Alternately, the drop ball 72 can operate a valve such as a sliding
sleeve valve, thereby allowing tubing pressure to act on the caged
ball or its cage, thereby releasing the caged ball. For example,
ball 72, once seated at seat 68 can direct tubing pressure or fluid
along bypass passageways 108. Tubing pressure then forces the caged
ball 104 to drop to its secondary seat 100 in the expansion
assembly, thereby blocking fluid flow through the interior
passageway 30 in the expansion assembly. Once seated, tubing
pressure is diverted to actuate the isolation device.

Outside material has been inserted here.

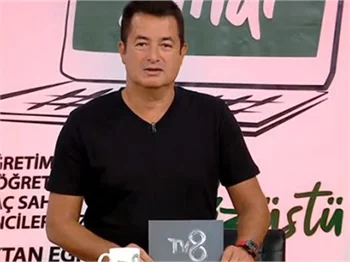 Acun Ilıcalı çocuklar için 7.5 milyon TL topladı!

Upon completion of cementing and placement of the dart 92, tubing
fluid is diverted through bypass passageways 108. Fluid bypasses
the seated dart 92 and ball 72 and pressure is applied through
expansion assembly ports 110. The fluid pressure is communicated to
an actuation assembly, such as a piston assembly, which drives the
expansion cone 42 downwardly through the ELH, thereby radially
expanding the ELH to the set position seen in FIG. 5.
The caged ball can be carried in a side-pocket defined in the
tubing string, in a tool positioned above the expansion cone for
that purpose, in a cage which allows fluid flow past the ball, etc.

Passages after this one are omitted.